For a more detailed description of the apparatus 1 and method of
epitaxial deposition, reference may be had to a copending U.S.
patent application Ser. No. 360,539, filed Apr. 17, 1964, in the
names of William F. Finch and Edwqrd W. Mehal entitled "METHOD FOR
MAKING GRADED COMPOSITION MIXED COMPOUND SEMICONDUCTOR MATERIALS"
(TI File 1748) and assigned to the assignee of this
application.
FIG. 2 illustrates a semi-insulating gallium arsenide seed or
starting wafer 20 having deposited on one side (i.e., the bottom)
thereof a layer of N-type conductivity gallium arsenide 21 by the
epitaxial deposition method described with reference to FIG. 1.
Referring to FIG. 3, the exposed surface of the bottom layer 21 is
shown. Four areas 22 are depicted schematically showing
conventional flip-flop circuits formed by conventional planar
diffusion techniques. Four resistors 23 are also formed adjacent or
contiguous the surface of the bottom layer 21 (which provides the
first stratum) by diffusion through appropriately formed
conventional diffusion masks. Thereafter, the appropriate
electrical interconnections 24 in the plane of layer 21 having
enlarged tabs 25, 26, 27, 28, 29, 30, 31, 32, and 33 are formed
adjacent the surface of layer 21 by conventional evaporation of a
good conductor, for example, gold, through an appropriate
conventional evaporation mask. Since layer 21 is N-type
conductivity material, interconnections 24 must be electrically
isolated therefrom, for example, by interposing a layer of silicon
oxide between interconnections 24 and layer 21, or by appropriate
isolation diffusion. Alternatively, resistors 23 and
interconnections 24 may be formed by selectively removing part of
the bottom layer 21 leaving only the desired defined areas of
electrical components.
Except for tabs 25-33, bottom layer 21, as thus far described, is
representative of conventional two-dimensional integrated circuit
fabricated on one surface of a single substrate wafer. In
accordance with this invention, the tabs 25-33 are positioned on
the wafer surface in selected positions for electrical
interconnections with circuit components formed on the opposite
side of the substrate wafer 20 and in other strata to be formed
thereon as will be more fully described below.
External electrical circuit connections may be made into the
flip-flop circuits. The entire surface of the bottom layer 21 is
thereafter covered with a protective coating, such as, for example,
reactively sputtered silicon oxide, to prevent further deposition
of material on the bottom surface during subsequent fabrication
steps.
The top surface of the substrate wafer (opposite layer 21 in FIG.
2) is then coated with a layer of silicon oxide or any other
suitable mask (e.g., a diffusion or deposition mask).
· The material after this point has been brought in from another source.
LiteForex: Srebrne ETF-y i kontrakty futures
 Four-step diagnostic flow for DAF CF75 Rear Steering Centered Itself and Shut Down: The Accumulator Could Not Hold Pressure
Using conventional photoresistive and etching techniques, windows
of the desired shape and size of resistors 40 (FIG. 4) are cut into
the silicon oxide mask layer. Resistors 40 are then epitaxially
deposited or grown on the upper surface of the seed wafer 20
through the windows using the method of epitaxial deposition
described above with reference to FIG. 1. For the resistors, the
feed material 14 may be gallium or gallium arsenide doped to
provide an epitaxial deposit of the desired resistivity. To form
the resistors, the assembly shown in FIG. 3 with the silicon oxide
mask and resistor windows formed therein, is placed in the reaction
vessel 10. This assembly corresponds to wafer 16 of FIG. 1. It will
be understood that the resulting epitaxially grown gallium arsenide
deposits on the seed wafer 20 only on the exposed resistor pattern
surface not covered by the mask and exposed through the mask
windows. Alternatively, resistors 40 may be formed by selective
diffusion of conductivity-affecting impurities into the wafer 20
through the aforesaid windows in the oxide mask.
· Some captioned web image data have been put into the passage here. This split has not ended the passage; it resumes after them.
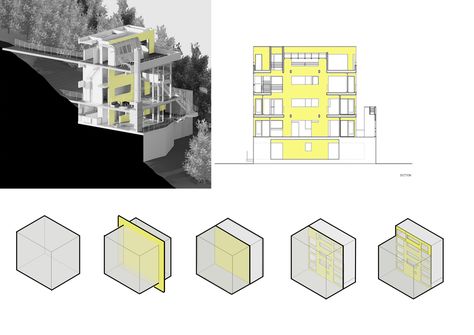 17 Precedent Analysis, Richard Meier Architecture, Douglas House, Santiago Calatrava Architecture, Daniel Libeskind, Richard Meier, Richard Neutra, Own Language, Frank Gehry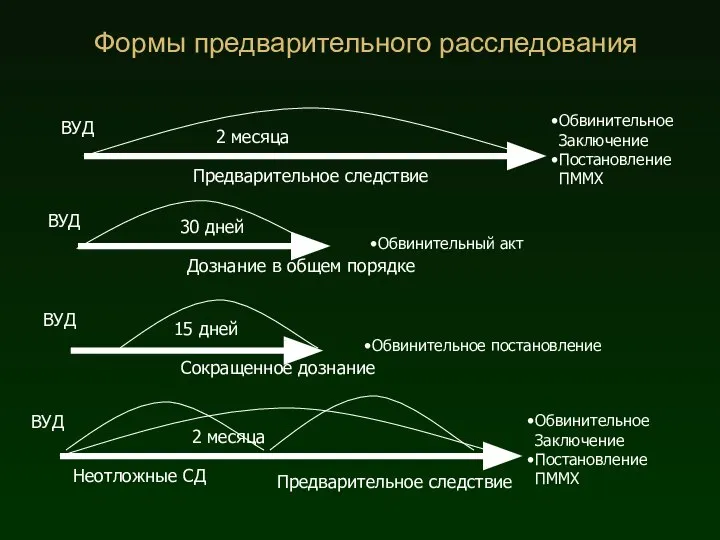 Формы предварительного расследования ВУД Обвинительное Заключение Постановление ПММХ Предварительное следствие 2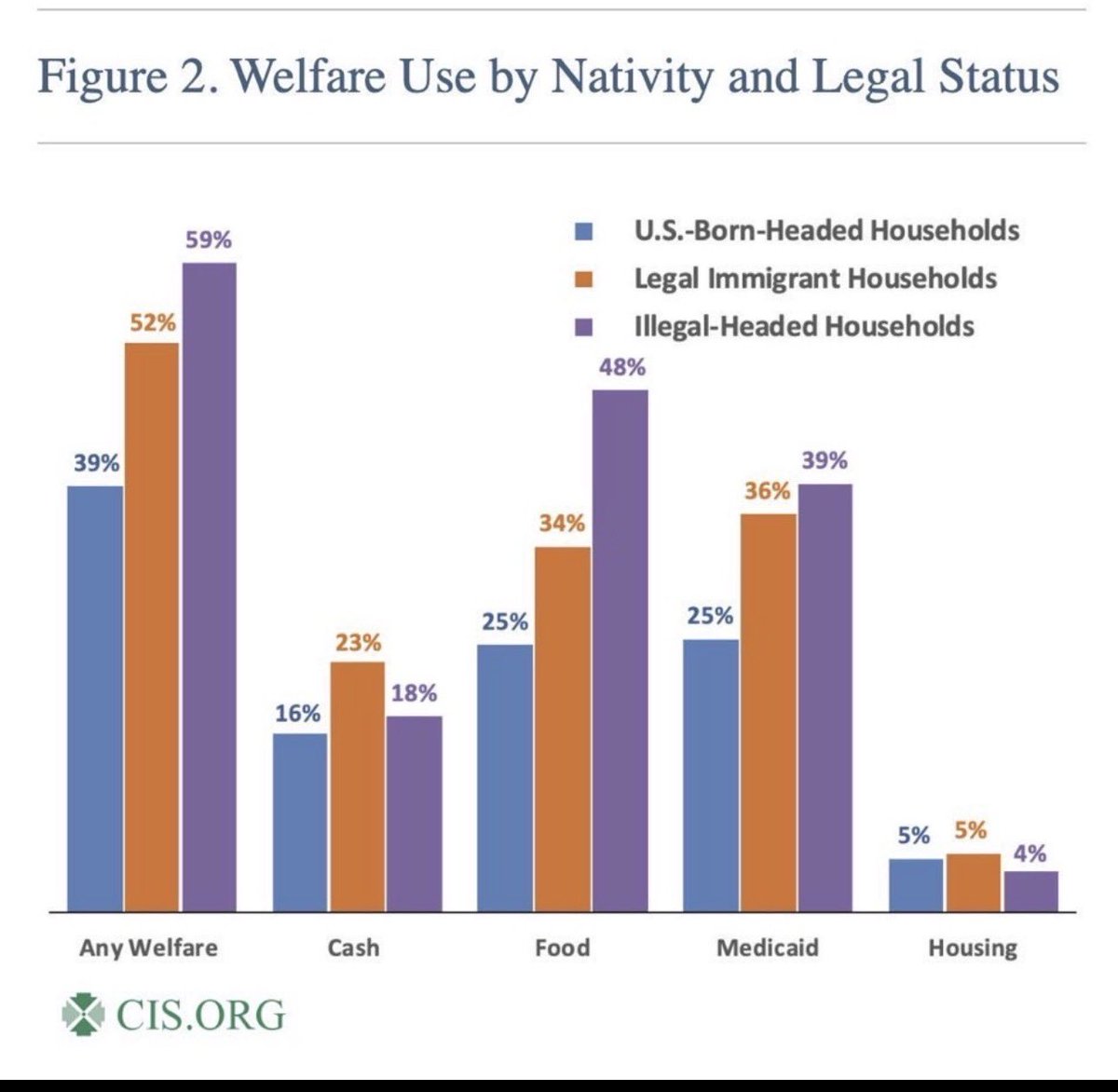 IanMalcolm84's tweet image. There’s 100 MILLION migrants in America

Over half receive government benefits

Of the 39% of native-born Americans utilizing benefits, only 35% are white

In other words, 50 million white, middle class Americans are enslaved subsidizing over 100 MILLION non-whites in their land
Thereafter, another layer of silicon oxide is deposited over the
entire top surface of the assembly as thus far completed and a
second photoresistive pattern used to form openings in this silicon
oxide layer, as well as in the first silicon oxide layer, to
delineate interconnecting conductive paths 41 having broadened or
enlarged tabs 42-48. Conductive interconnections, such as highly
doped, low resistivity germanium or gallium arsenide, may be then
deposited on the exposed interconnection pattern on the upper
surface of seed wafer 20 to form the interconnecting paths 41.
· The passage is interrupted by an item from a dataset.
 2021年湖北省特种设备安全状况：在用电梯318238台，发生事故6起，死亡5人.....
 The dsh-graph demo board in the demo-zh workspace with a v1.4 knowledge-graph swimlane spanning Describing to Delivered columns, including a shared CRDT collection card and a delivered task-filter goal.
Interconnections 41 may also be formed by diffusion of
conductivity-affecting impurities into the wafer 20 through the
windows in the silicon oxide layers in amounts sufficient to form
high conductivity material in the defined region 41 of the exposed
pattern.
A third silicon oxide mask layer is then applied to the entire
upper surface of the assembly as thus far formed to cover the
previously formed resistors 40, interconnections 41, and tabs
42-48. Thereafter, openings or windows are made at selected
locations in the third oxide layer to intersect with selected parts
of the conductive pattern circuit function-performing regions
thereunder.
Vertically extending low resistivity electrically conductive posts
49 are epitaxially grown on the surfaces of the conductive pattern
exposed through the windows in the third oxide mask. As best seen
in FIGS. 4a and 7, posts 49 extend vertically above the surface of
assembly thus far formed to provide electrical interconnections
between the circuit function-performing regions of the second
stratum (formed on the upper surface of wafer 20) and other circuit
function-performing regions in subsequent strata or levels to be
formed. Posts 49 are formed by a method similar to that described
above with reference to resistors 40. Holes or windows are cut into
the silicon oxide mask on the surface of wafer 20 to expose only
those component regions or interconnecting paths which are to be
electrically connected to circuit function-performing regions in
one or more of the next or subsequent strata. Low resistivity
gallium arsenide or germanium is then epitaxially deposited on the
regions exposed through the windows to form posts 49 which are
physically and electrically integrally connected to the surfaces
exposed through the windows.
Another method of interconnecting components in superimposed strata
which can be used with this invention is shown in FIG. 4b.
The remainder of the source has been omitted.